OASIS Topology and Orchestration Specification for Cloud Applications (TOSCA) TC

Expand all | Collapse all

RE: [tosca] Re: Proposal: CSARs should be tarballs, not ZIPs

  • 1.  RE: [tosca] Re: Proposal: CSARs should be tarballs, not ZIPs

    Posted 04-16-2021 19:26




    Let s put this on the agenda for Tuesday s meeting. A couple of observations:
     

    I m not sure if the CSAR version should be related to the container format. For one, a processor can t get to the version until after unpacking the container. Do we really need to adopt a standard file name extension? Processors should be smart enough to try whatever the various supported container formats are an figure it out for themselves.
     
    Thanks,
     
    Chris
     

    From: tosca@lists.oasis-open.org <tosca@lists.oasis-open.org>
    On Behalf Of Tal Liron
    Sent: Friday, April 16, 2021 10:24 AM
    To: tosca@lists.oasis-open.org
    Subject: [tosca] Re: Proposal: CSARs should be tarballs, not ZIPs

     





    Some additional thoughts:

    Remember that the CSAR version is separate from the TOSCA version.
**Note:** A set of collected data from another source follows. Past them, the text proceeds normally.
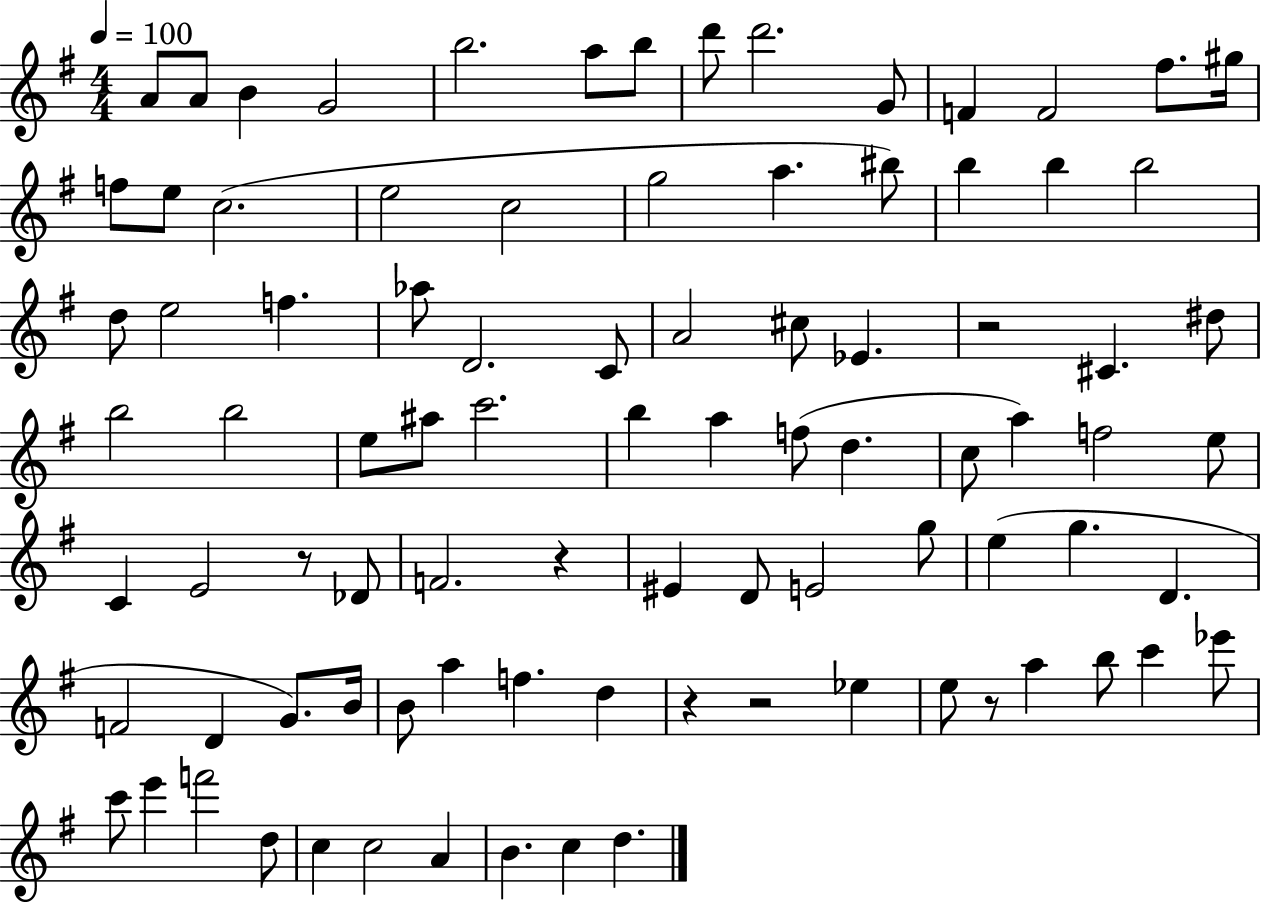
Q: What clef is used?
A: treble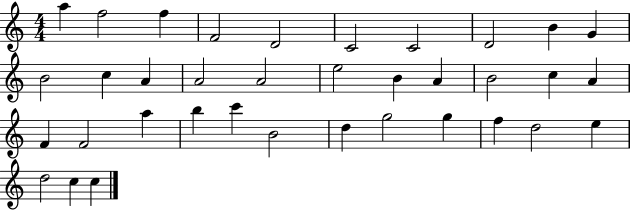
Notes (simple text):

A5/q F5/h F5/q F4/h D4/h C4/h C4/h D4/h B4/q G4/q B4/h C5/q A4/q A4/h A4/h E5/h B4/q A4/q B4/h C5/q A4/q F4/q F4/h A5/q B5/q C6/q B4/h D5/q G5/h G5/q F5/q D5/h E5/q D5/h C5/q C5/q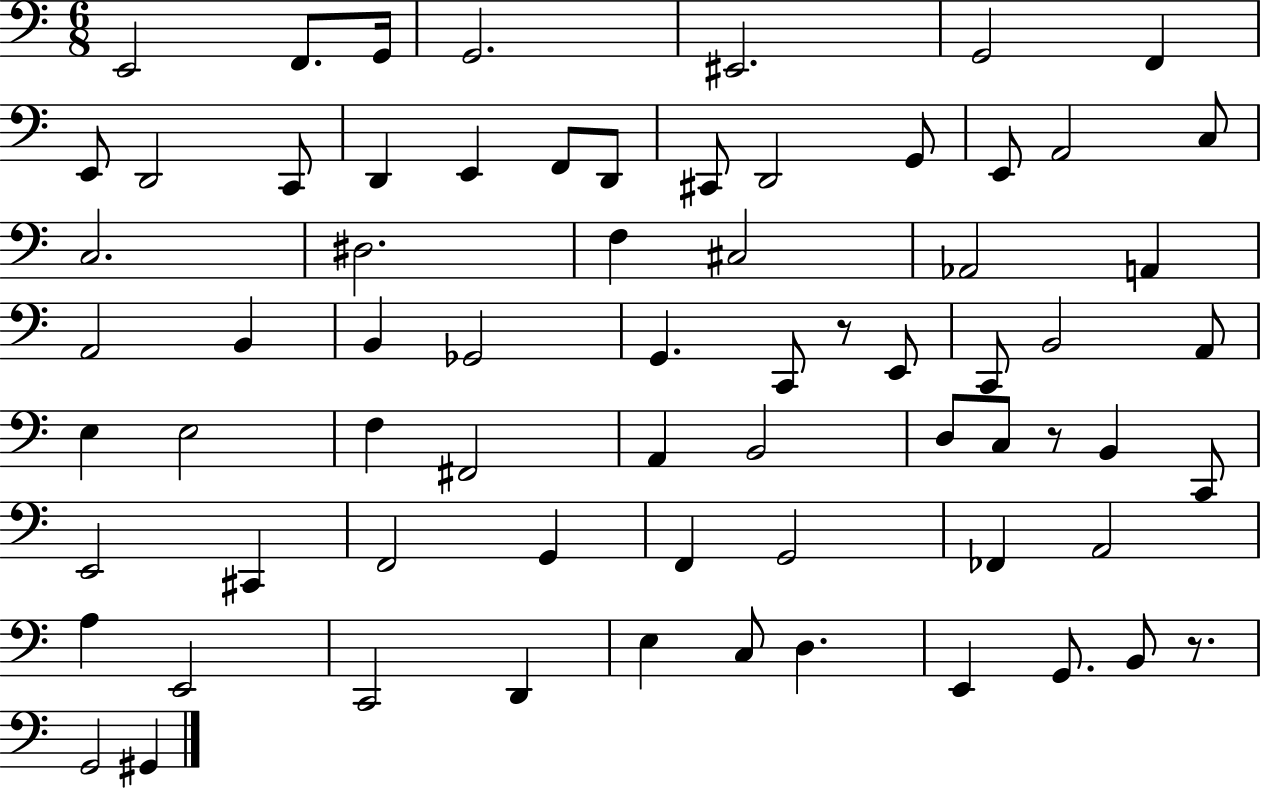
X:1
T:Untitled
M:6/8
L:1/4
K:C
E,,2 F,,/2 G,,/4 G,,2 ^E,,2 G,,2 F,, E,,/2 D,,2 C,,/2 D,, E,, F,,/2 D,,/2 ^C,,/2 D,,2 G,,/2 E,,/2 A,,2 C,/2 C,2 ^D,2 F, ^C,2 _A,,2 A,, A,,2 B,, B,, _G,,2 G,, C,,/2 z/2 E,,/2 C,,/2 B,,2 A,,/2 E, E,2 F, ^F,,2 A,, B,,2 D,/2 C,/2 z/2 B,, C,,/2 E,,2 ^C,, F,,2 G,, F,, G,,2 _F,, A,,2 A, E,,2 C,,2 D,, E, C,/2 D, E,, G,,/2 B,,/2 z/2 G,,2 ^G,,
The current CSAR version is 1.1. So my proposal here would be for CSAR 2.0 (it's a significant enough change that I think it would warrant a
    major semantic version change).

    But, backwards compatibility would mean that systems would still be able to support CSAR 1.1, which is in ZIP. To be 100% clear: you could write a TOSCA 2.0 service template and package it in CSAR 1.1. We would have to be clear in the TOSCA 2.0 spec that this
    is supported.

    Another thought regarding extensions -- if we move to tarballs, it might be a good idea to choose a different extension than ".csar" so that processors would easily know if they're dealing with a new-style vs. old-style container. (This
    is a common problem with systems that upgrade their formats.) So, perhaps something like this:



    ".csar" extension: means CSAR 1.1 or CSAR 1.0, meaning it's a ZIP
    ".csar2" extension: means CSAR 2.0 (and beyond), meaning it's a TAR
    ".csar2.gz" extension: GZIPped TAR


    It's a bit awkward, but 100% deterministic.








     


    On Thu, Apr 15, 2021 at 12:03 PM Tal Liron < tliron@redhat.com > wrote:




    In a conversation I had with someone who professes to "hate TOSCA" one of the issues that came up was how bad CSARs are. And one point made hit home.


     


    CSARs are currently defined as
    ZIP containers . Unfortunately, ZIP is not a streaming format, instead requiring random access to locations in the container. The entire container needs to be read in order to access an individual entry. Thus The any processing of a CSAR has to take place
    on an accessible file system, which means that if the CSAR is at a URL then the whole package would have to be downloaded first.


     


    If you're dealing with a CSAR with very big artifacts (virtual machine images) then this quickly becomes a major burden on different parts of the system which need to process specific parts of a CSAR. This is indeed a pain point with currently
    existing TOSCA solutions, e.g. ONAP.


     


    There's a reason why "tarballs" are so often preferred in packaging. A ".tar.gz" file is streamable for two reasons: gunzip is streaming decompression of a single file, and that single file is a "tape archive" (tar), which is a straightforward
    concatenation, likewise streaming. There is no random access. Thus a CSAR processor can choose to process just a specific entry and not have to download the entirety. It can throw away bytes that do not interest it.


     


    Note that if one can benefit from random access to a tarball, then it's easy enough to unpack it in its entirety, and indeed in a much more efficient way than a ZIP: the tarball can be unpacked and streamed directly to the filesystem. A
    ZIP would still have to be downloaded first to accomplish the some function, leading indeed to more than double the storage requirement.


     


    So, it's very obvious to me that this needs to change in TOSCA 2.0 with a new CSAR specification.


     


    My specific recommendations:


     


    1. Let's first standardize on TAR. So a raw ".csar" extension would be exactly a "tape archive" (a tarball).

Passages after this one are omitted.